Big Talbot Island State Park was used by the early Native Americans for thousands of years before European settlers arrived. In 1562 when the French Huguenots arrived on these shores, they found a large culture of Natives, naming them Timuctuan. Many of Florida’s landmarks are named after Timuctuan words, even Florida’s capitol, Tallahassee which means abandoned town.
By the time English explorer General James Oglethorpe arrived here in 1735, the Timuctuan had all perished. He named the islands after Charles Baron Talbot, the Lord High Chancellor of England. The area was converted into plantations that served the United Kingdom and it residents for many years to come. It would be another 100 years before Florida eventually became a state.
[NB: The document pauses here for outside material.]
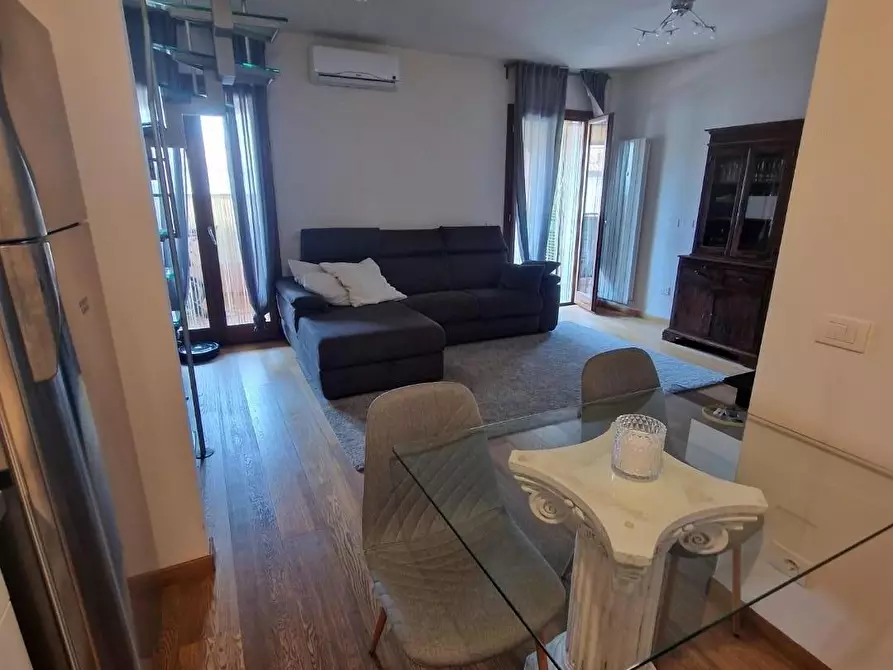 appartamento in vendita a Carrara in zona Avenza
Today, the plantations are all gone, the forests have grown back and nature has reclaimed this once populated northeastern Florida barrier island. It is now home to some of Florida’s most unique hiking trails, fishing grounds and kayaking experiences in the state.
Kayaking has to be one of the most popular amenities in the park. Located between Big and Little Talbot Islands State Parks, Kayak Amelia and the Long Island Outfitters offer guide services, specialized kayaking adventures and kayak/canoe rentals fro guests of any of the seven Talbot Island State Parks. Reservations are always required for their many eco-trips and guided nature tours so call ahead at (904)251-0016.
If you have your own kayak, a $1 fee at the hand launch ramp will get you into the beautiful waters of the barrier islands many sloughs, marsh rivers and tidal inlets located at Big Talbot Island State Park. Access to the Atlantic Ocean is right around the corner from the ramp.
Kayaking and canoeing are just the beginning for boating adventures at Big Talbot Island State Park. A deep water boat ramp can allow you to take your motor boat into the Atlantic Ocean, Nassau Sound and the Intra-coastal Waterway for just a $4 fee.